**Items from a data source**
○ ○ ○ ○ ○

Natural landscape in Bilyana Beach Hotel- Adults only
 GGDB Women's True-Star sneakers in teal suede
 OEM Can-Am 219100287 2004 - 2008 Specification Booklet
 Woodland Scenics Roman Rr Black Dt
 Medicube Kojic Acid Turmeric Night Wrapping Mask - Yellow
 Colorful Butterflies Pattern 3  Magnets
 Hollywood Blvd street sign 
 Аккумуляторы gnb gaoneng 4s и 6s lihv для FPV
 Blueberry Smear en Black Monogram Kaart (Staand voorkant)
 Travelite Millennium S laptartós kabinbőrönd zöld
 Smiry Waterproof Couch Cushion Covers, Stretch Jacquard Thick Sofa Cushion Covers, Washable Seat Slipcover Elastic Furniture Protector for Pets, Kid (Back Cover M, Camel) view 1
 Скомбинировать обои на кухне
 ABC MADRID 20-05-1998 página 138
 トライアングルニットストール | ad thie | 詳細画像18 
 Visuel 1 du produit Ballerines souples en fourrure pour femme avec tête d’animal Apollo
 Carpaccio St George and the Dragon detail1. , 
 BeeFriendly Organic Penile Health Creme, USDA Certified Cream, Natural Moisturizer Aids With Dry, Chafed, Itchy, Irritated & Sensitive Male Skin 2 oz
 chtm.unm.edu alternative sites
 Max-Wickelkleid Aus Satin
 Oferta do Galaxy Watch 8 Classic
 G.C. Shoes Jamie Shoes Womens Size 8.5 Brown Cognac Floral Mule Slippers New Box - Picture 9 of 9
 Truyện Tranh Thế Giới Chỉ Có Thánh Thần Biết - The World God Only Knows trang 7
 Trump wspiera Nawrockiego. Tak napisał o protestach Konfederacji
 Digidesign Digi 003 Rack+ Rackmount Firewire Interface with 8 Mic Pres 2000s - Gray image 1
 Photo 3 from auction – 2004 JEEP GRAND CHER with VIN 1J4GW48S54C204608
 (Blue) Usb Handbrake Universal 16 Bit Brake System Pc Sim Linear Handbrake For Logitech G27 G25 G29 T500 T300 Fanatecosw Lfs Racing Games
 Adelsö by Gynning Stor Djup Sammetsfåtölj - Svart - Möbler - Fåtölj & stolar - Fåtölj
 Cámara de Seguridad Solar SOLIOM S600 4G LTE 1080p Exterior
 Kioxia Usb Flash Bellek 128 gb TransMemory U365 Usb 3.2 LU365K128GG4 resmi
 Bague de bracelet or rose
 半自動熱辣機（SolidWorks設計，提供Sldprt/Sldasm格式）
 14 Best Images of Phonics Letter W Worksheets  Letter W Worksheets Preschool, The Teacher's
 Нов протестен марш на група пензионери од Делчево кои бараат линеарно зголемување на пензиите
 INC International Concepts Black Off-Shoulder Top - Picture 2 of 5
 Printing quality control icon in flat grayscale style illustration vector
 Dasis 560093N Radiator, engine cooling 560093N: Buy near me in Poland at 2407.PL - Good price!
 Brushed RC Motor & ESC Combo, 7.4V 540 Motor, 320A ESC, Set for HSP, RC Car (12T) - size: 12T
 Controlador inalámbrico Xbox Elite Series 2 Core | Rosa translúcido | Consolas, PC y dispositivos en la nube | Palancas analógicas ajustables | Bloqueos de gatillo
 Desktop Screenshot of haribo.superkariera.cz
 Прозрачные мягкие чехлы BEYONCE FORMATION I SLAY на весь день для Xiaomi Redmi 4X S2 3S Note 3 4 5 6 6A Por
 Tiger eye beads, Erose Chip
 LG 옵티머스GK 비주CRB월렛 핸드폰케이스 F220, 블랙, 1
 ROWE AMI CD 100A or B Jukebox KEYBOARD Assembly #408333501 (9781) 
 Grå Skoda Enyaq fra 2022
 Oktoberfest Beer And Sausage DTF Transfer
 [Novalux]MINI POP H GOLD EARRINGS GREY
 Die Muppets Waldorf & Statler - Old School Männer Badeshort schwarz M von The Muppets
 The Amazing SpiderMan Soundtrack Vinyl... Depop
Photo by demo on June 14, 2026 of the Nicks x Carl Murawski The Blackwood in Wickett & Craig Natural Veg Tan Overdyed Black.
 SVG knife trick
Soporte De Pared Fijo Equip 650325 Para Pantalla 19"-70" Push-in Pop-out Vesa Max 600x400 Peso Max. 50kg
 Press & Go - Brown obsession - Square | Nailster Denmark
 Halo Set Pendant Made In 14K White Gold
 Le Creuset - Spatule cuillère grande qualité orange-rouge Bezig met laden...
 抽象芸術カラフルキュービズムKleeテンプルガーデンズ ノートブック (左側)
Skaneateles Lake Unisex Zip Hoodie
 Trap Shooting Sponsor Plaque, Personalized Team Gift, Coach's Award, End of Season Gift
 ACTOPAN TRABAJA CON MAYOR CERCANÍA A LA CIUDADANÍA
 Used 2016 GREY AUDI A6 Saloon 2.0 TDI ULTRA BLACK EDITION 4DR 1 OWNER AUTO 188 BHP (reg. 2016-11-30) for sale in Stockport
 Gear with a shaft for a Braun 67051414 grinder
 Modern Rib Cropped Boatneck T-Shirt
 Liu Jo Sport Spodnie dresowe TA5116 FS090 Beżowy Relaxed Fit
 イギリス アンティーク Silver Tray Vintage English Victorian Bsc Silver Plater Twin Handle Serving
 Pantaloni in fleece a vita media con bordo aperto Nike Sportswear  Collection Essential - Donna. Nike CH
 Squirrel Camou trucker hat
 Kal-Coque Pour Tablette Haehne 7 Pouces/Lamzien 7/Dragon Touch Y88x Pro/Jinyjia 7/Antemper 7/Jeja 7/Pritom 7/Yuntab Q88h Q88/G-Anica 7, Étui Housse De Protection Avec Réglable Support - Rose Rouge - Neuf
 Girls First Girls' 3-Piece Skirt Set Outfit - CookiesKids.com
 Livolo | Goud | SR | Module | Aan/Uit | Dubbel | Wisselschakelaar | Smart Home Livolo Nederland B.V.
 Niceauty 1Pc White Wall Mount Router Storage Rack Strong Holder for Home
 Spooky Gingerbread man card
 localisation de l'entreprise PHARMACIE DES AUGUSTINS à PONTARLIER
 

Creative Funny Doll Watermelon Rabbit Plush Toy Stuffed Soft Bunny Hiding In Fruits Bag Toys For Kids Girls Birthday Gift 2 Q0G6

○ ○ ○ ○ ○

**Problem to work on**
Which lines of the entries above contain the string "Gift"? Copy each one.

**Result**
 Trap Shooting Sponsor Plaque, Personalized Team Gift, Coach's Award, End of Season Gift
Creative Funny Doll Watermelon Rabbit Plush Toy Stuffed Soft Bunny Hiding In Fruits Bag Toys For Kids Girls Birthday Gift 2 Q0G6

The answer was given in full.